→ WORK TO COMPLETE
Write back every entry exactly as it reads, with the pictures left behind.

[Stored data entries]
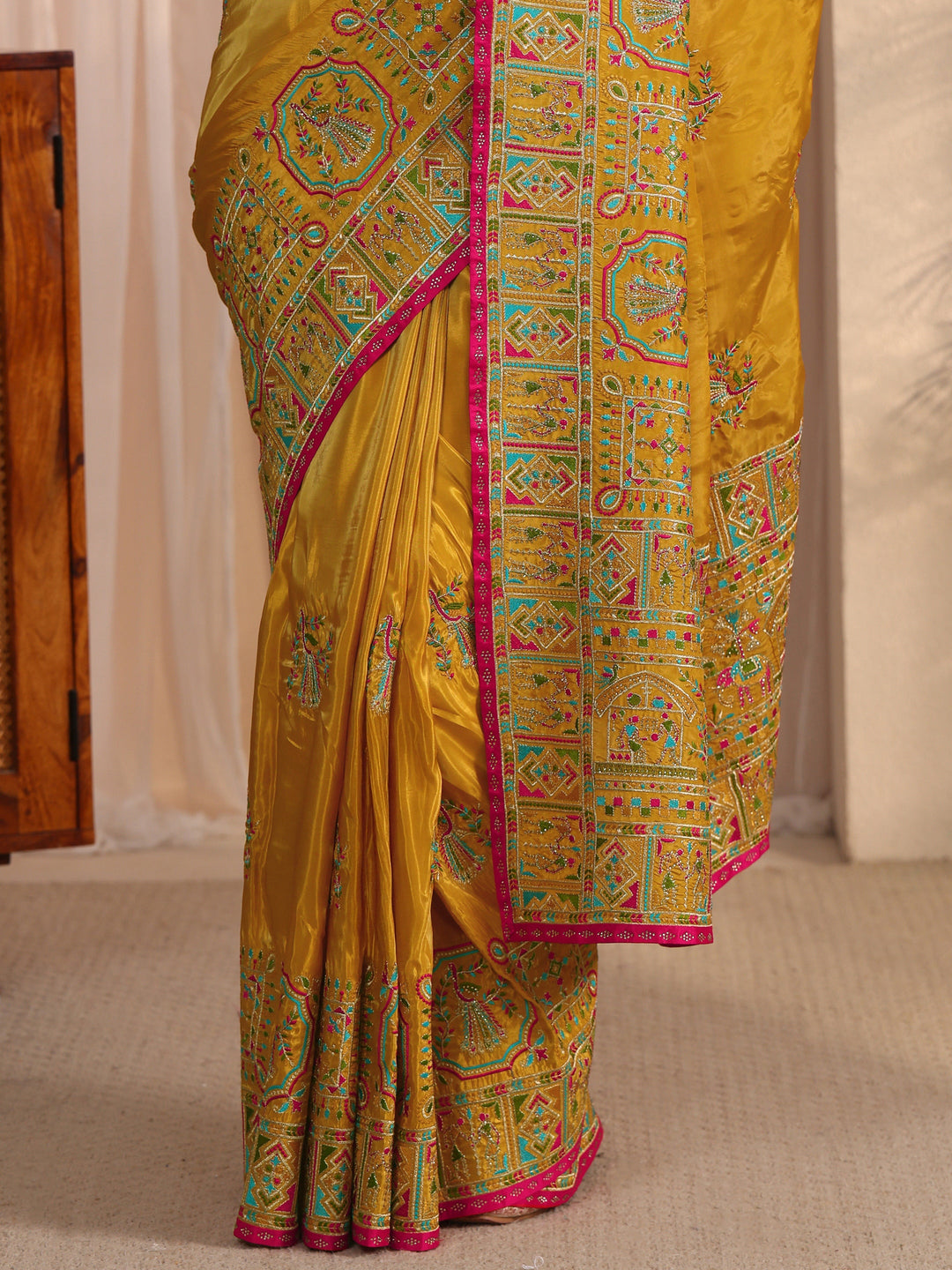 Libas Mustard Ethnic Embroidered Satin Saree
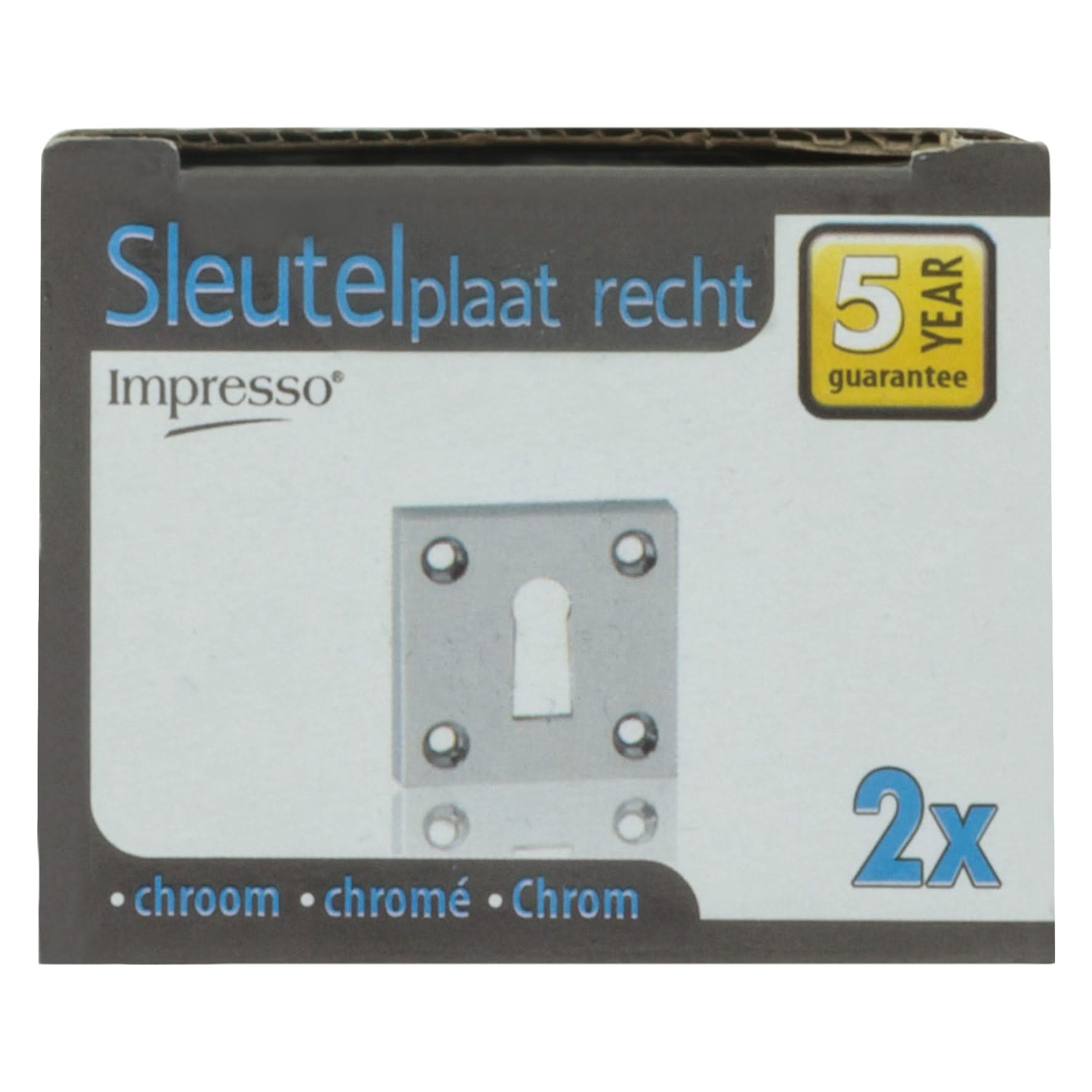 Impresso vierkant rozet Klaviersleutel Chroom 13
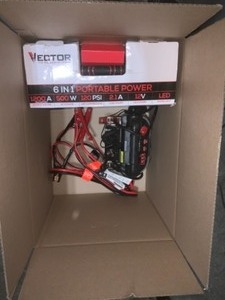ASSORTED VECTOR PORTABLR CAR JUMP STARTER AND 1200 PEAK AMP PORTABLE POWER STATION. SEE PICTURES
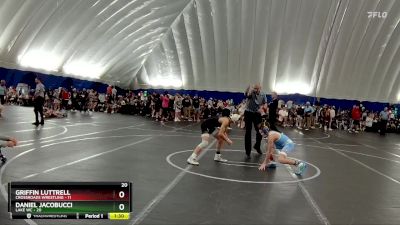 100 lbs Round 1 (8 Team) - Daniel Jacobucci, Lake WC vs Griffin Luttrell, Crossroads Wrestling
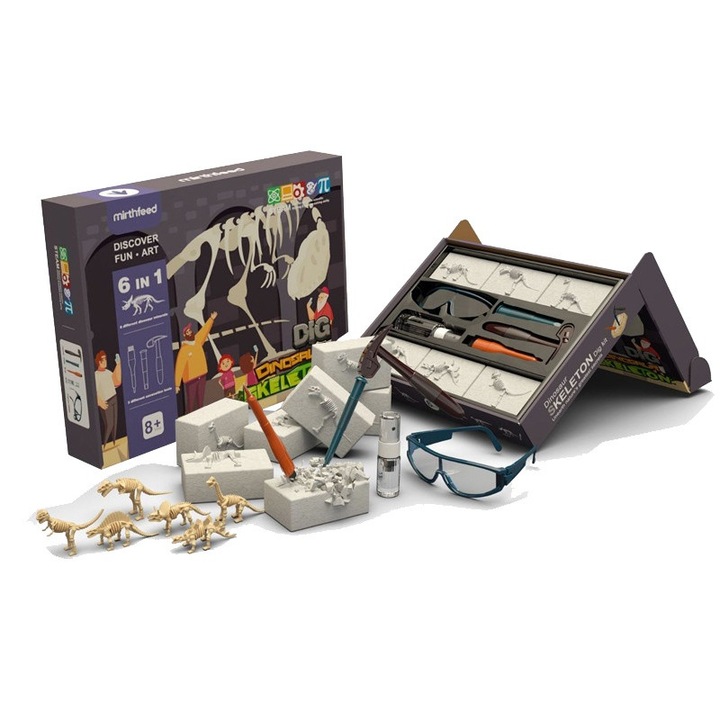 Dinoszaurusz régészeti ásatási készlet, 6 dinoszaurusz csontváz, tudományos oktatójáték, AjieQaQ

→ SOLUTION TO THIS TASK
 Libas Mustard Ethnic Embroidered Satin Saree
 Impresso vierkant rozet Klaviersleutel Chroom 13
ASSORTED VECTOR PORTABLR CAR JUMP STARTER AND 1200 PEAK AMP PORTABLE POWER STATION. SEE PICTURES
 100 lbs Round 1 (8 Team) - Daniel Jacobucci, Lake WC vs Griffin Luttrell, Crossroads Wrestling
 Dinoszaurusz régészeti ásatási készlet, 6 dinoszaurusz csontváz, tudományos oktatójáték, AjieQaQ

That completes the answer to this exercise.